[v2,05/10] mm/hugetlb: Make userfaultfd_huge_must_wait() safe to pmd unshare

Message ID 20221207203034.650899-6-peterx@redhat.com
State New
Headers
Series [v2,01/10] mm/hugetlb: Let vma_offset_start() to return start |

Commit Message

Peter Xu Dec. 7, 2022, 8:30 p.m. UTC
  We can take the hugetlb walker lock, here taking vma lock directly.

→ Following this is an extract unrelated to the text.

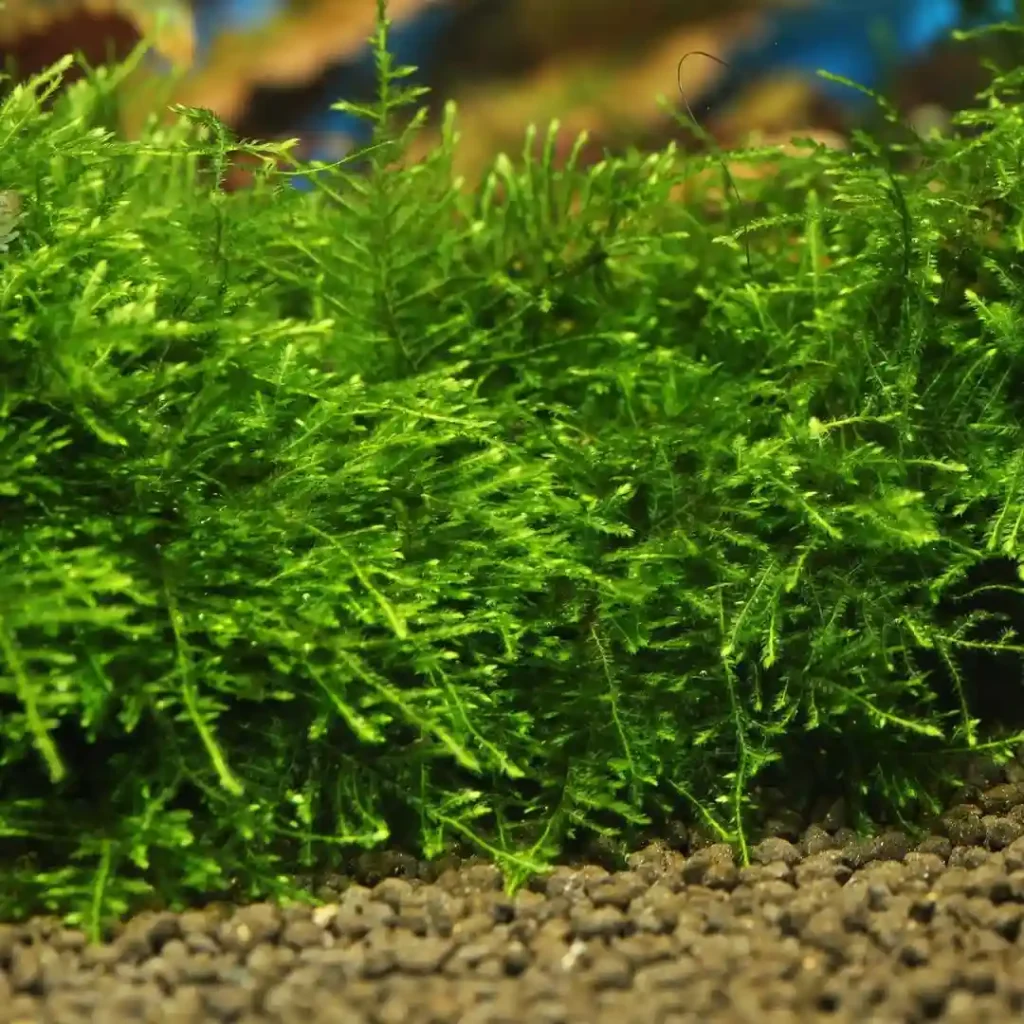 Java Moss care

Reviewed-by: David Hildenbrand <david@redhat.com>
Reviewed-by: Mike Kravetz <mike.kravetz@oracle.com>
Signed-off-by: Peter Xu <peterx@redhat.com>
---
 fs/userfaultfd.c | 18 ++++++++++++++----
 1 file changed, 14 insertions(+), 4 deletions(-)
  

Comments

John Hubbard Dec. 7, 2022, 11:19 p.m. UTC | #1
On 12/7/22 12:30, Peter Xu wrote:
> We can take the hugetlb walker lock, here taking vma lock directly.
> 
> Reviewed-by: David Hildenbrand <david@redhat.com>
> Reviewed-by: Mike Kravetz <mike.kravetz@oracle.com>
> Signed-off-by: Peter Xu <peterx@redhat.com>
> ---
>   fs/userfaultfd.c | 18 ++++++++++++++----
>   1 file changed, 14 insertions(+), 4 deletions(-)
> 
> diff --git a/fs/userfaultfd.c b/fs/userfaultfd.c
> index 07c81ab3fd4d..a602f008dde5 100644
> --- a/fs/userfaultfd.c
> +++ b/fs/userfaultfd.c
> @@ -376,7 +376,8 @@ static inline unsigned int userfaultfd_get_blocking_state(unsigned int flags)
>    */
>   vm_fault_t handle_userfault(struct vm_fault *vmf, unsigned long reason)
>   {
> -	struct mm_struct *mm = vmf->vma->vm_mm;
> +	struct vm_area_struct *vma = vmf->vma;
> +	struct mm_struct *mm = vma->vm_mm;
>   	struct userfaultfd_ctx *ctx;
>   	struct userfaultfd_wait_queue uwq;
>   	vm_fault_t ret = VM_FAULT_SIGBUS;
> @@ -403,7 +404,7 @@ vm_fault_t handle_userfault(struct vm_fault *vmf, unsigned long reason)
>   	 */
>   	mmap_assert_locked(mm);
>   
> -	ctx = vmf->vma->vm_userfaultfd_ctx.ctx;
> +	ctx = vma->vm_userfaultfd_ctx.ctx;
>   	if (!ctx)
>   		goto out;
>   
> @@ -493,6 +494,13 @@ vm_fault_t handle_userfault(struct vm_fault *vmf, unsigned long reason)
>   
>   	blocking_state = userfaultfd_get_blocking_state(vmf->flags);
>   
> +	/*
> +	 * This stablizes pgtable for hugetlb on e.g. pmd unsharing.  Need
> +	 * to be before setting current state.
> +	 */

Looking at this code, I am not able to come up with a reason for why the
vma lock/unlock placement is exactly where it is. It looks quite arbitrary.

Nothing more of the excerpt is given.